I’m terrible at thank yous. I mean, I’m not bad at saying them. I say thank you all the time, like every time the waiter refills my glass of water at a restaurant and I drink a lot of water. But “thank yous” of the birthday-presents-Christmas-presents-dinner-party kind?
The stamps! The address! Writing something that captures my gratitude?! Ugh!
So here is a long-overdue thank you.
Dear Theodore Geisel, a.k.a. Theo. LeSieg, a.k.a. Dr. Suess,
I owe you a thank you for all that you’ve done
for teaching me to read and making it fun,
for writing books I discovered when I was a kid,
that I can read to my kids like my mother never did.
But you did so much more than teach me to read
You fed me some thoughts, you planted the seed
The Sneetches? How brilliant, I was instantly hooked.
The Sneetches was my first diversity book!

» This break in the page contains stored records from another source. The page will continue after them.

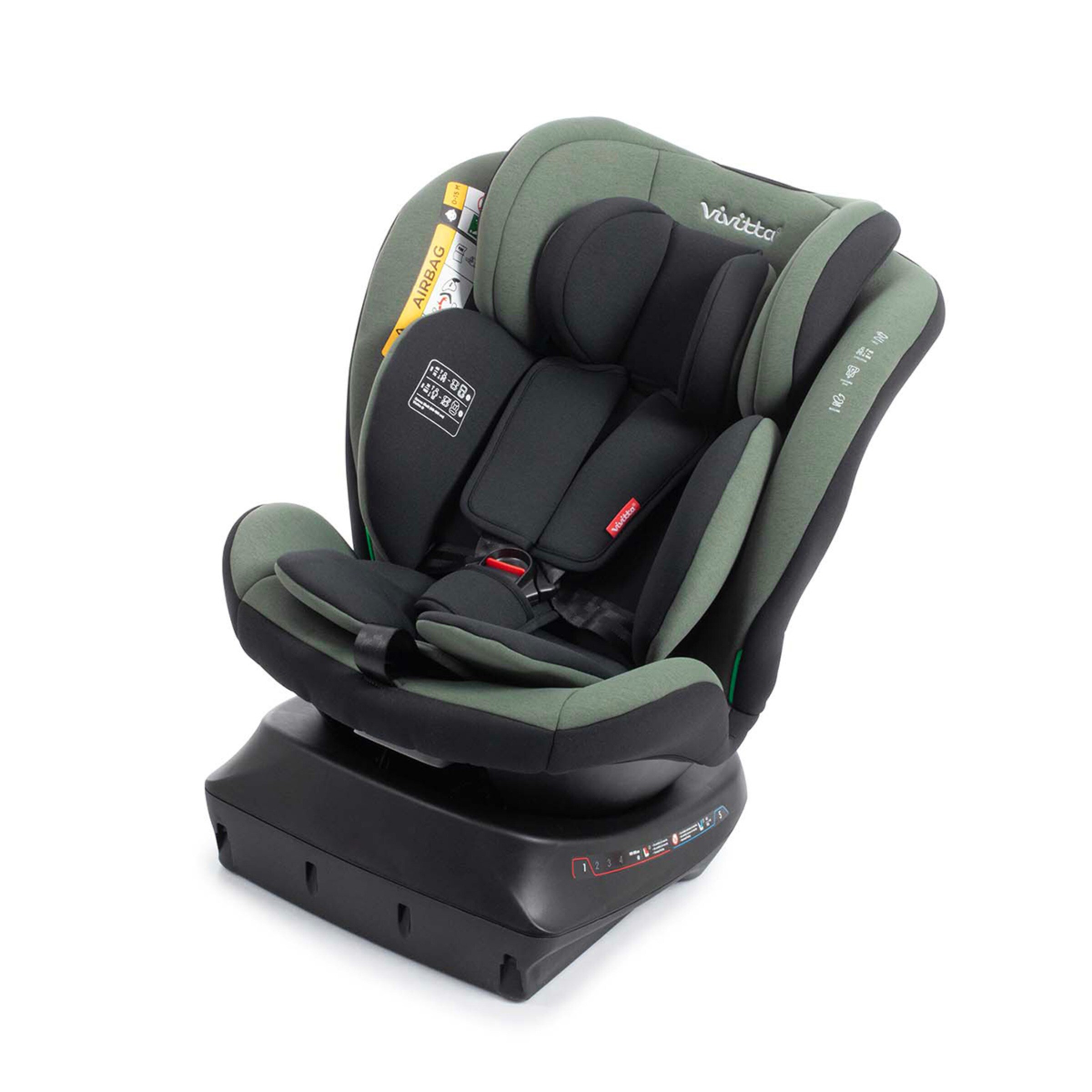 Silla de coche sanna ibelt (40-150cm) Verde oscuro-3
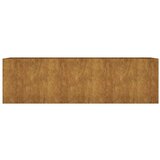 vidaXL Povišena vrtna gredica 280 x 80 x 80 cm od čelika COR-TEN | shoptok.hr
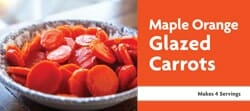 Maple Orange Glazed Carrots Thumbnail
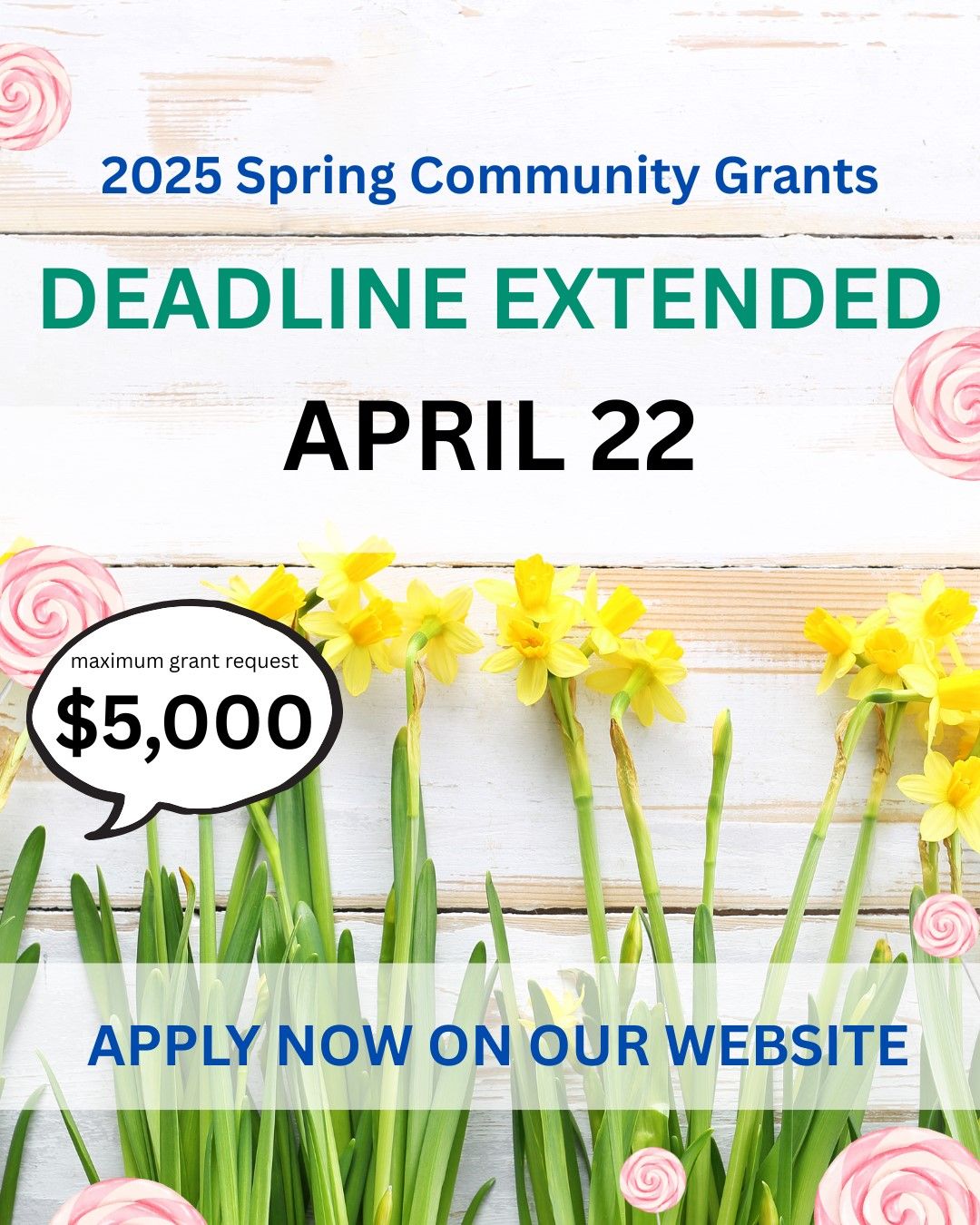Spring Granting Deadline Extended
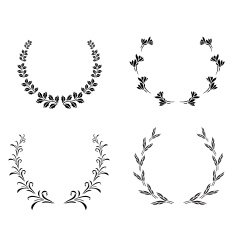 Floral wreaths N23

And Gertrude McFuzz? Pure feminist genius
Teaching us to see ourselves how others have seen us!
Rereading of Horton, hearing his Who,
to my kids, I explained I was not really blue
That the tears in my eyes were the empathy kind
That rereading this treasure had me go back in my mind
To when and where I learned to be humble and true
to help others even if it really hurts you.
In a class at college where we wrote every night
assigned to mimic an author who brought us delight
I wrote my treacle the best that I could
in Suessian prose, although perhaps not what I should,
that Ivy-league TA said what I wrote was quite good
(even though it was about a boyfriend I’d had
and how the break-up had gone quite shamefully bad
what with him breaking us up and me only halfway dressed,
perhaps it needed the humor? But I digress!)
Also in college inducted into a secret “society”
amidst a night of mayhem and limited sobriety,
the dorkiest of hazing on the east coast
had us reciting Suess prose, blindfolded, in the form of a toast.
Ah, Suess. Although you were not in my wedding
Every bridesmaid toast I’ve made had tears a-shedding
as I whipped out my limited rhyming Suess skills
with stories of the bride’s yesteryear. And it always killed!
Now you had some real zingers, not least are the movies.
Creepy in the extreme, what terrible dooseys!
Jim Carrey as the Grinch, Mike Myers as the Cat?!
But post-humously, I guess you couldn’t help that.
Then there’s the latent racism in Mulberry Street
The chinamen and so on, I skip that rare treat
And Bartholomew Cubbins, the man with the hat?
And the beheader! The axe! Certain death?! I avoid that.
My mother said she met you once, how could this be?
She was a librarian. Imagine if you’d planted a seed… that’d be me!!
Ha, ha. Just kidding. She says you were a gent.
But in a way, you planted a seed in all of us. That’s what I meant.
You taught us good from evil, never fear what you don’t know
scary pants met in the woods, even as they glow,
fear us as much as us them. Yes, you told us so.
And people without bellies tatooed with stars
Are just the same as those with stars upon thars!
And Christmas is for kindness, sharing food and holding hands,
but not to hate the Grinch, he’s just a damaged, lost old man.
These books are not from simpler times, your time was complicated,
I look to see the copyright and when the book was dated.
I think you would have written now of blue wot-wots marrying blue,
and of how a blue wot-wot can beautifully turn pink, too.
So I wanted to thank you, with only very few exceptions,
for teaching me about loving kindness and neighborly redemption,
and for being a gift I can pass on to my own children dear,
hoping they find the beauty themselves, when they hear,
of Horton, Sneetches, Gertrude and so many, many more.
Thank you, Theodore Geisel. You, I just adore.
“We’ve GOT to make noises in greater amounts!
So, open your mouth, lad! For every voice counts!”